Countdown for TYPO3
TYPO3 extension for countdown timers: event countdowns, product launches, offer deadlines. Gosign also builds CSS-only countdowns without extension overhead.
Book a free initial callCountdown extensions solve a communication problem that plain text cannot
When a trade fair starts in 23 days, when the early bird offer expires at midnight or when the new shop goes live on 1 May, a sentence like “just a few days left” is not enough. Users react to ticking clocks much more strongly than to static dates, and on a TYPO3 page the simplest variant is to add a visible countdown timer. Several TYPO3 extensions from the TER offer this functionality, the best known is simply called “countdown”. For every corporate website with event announcements, product launches or limited-time campaigns, this is a recurring requirement that without an extension usually ends up as a custom JavaScript hack. The choice between extension and in-house solution rarely comes down to technology, but to the question of who should maintain the countdown in the editorial team.
Typical use cases range from trade fairs to e-commerce campaigns
The first scenario is trade fairs and conferences. An association announces its annual conference six months in advance and wants to make the remaining time visible, ideally with days, hours, minutes and seconds. The countdown runs on the landing page, switches over in the final 24 hours and disappears automatically after the event ends, without an editor having to adjust the page. That saves maintenance effort and also prevents awkward situations such as a counter that continues to show a negative value after the event.
A second scenario is product launches and pre-order windows. E-commerce projects based on aimeos or external shops use countdowns on landing pages to bind customers to the launch date. For pre-orders, the countdown acts as a urgency signal and demonstrably lifts conversion rates.

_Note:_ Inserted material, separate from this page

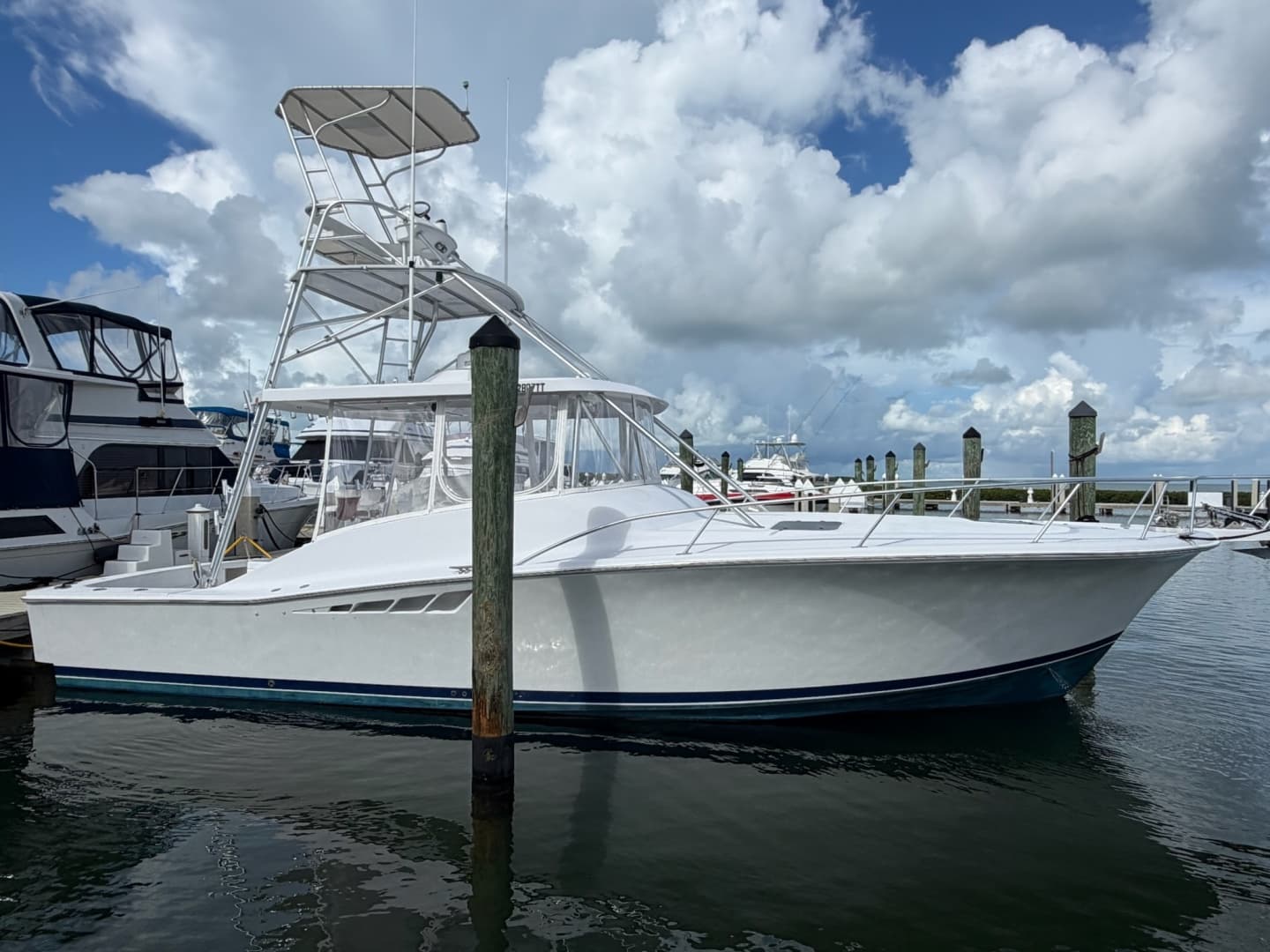 Sea Bandit — 1998 · 40' · 1 Cabin · Pre-Owned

A third scenario are application and submission deadlines. Universities show a countdown to the deadline on the application page, associations use it for early bird prices, public institutions for submission deadlines of public tenders. Here it is not about marketing but about service: visitors should be able to see at a glance how much time they have left. For application portals in the academic space this is practically standard, because grant applications work with a fixed deadline and a hard cut-off time.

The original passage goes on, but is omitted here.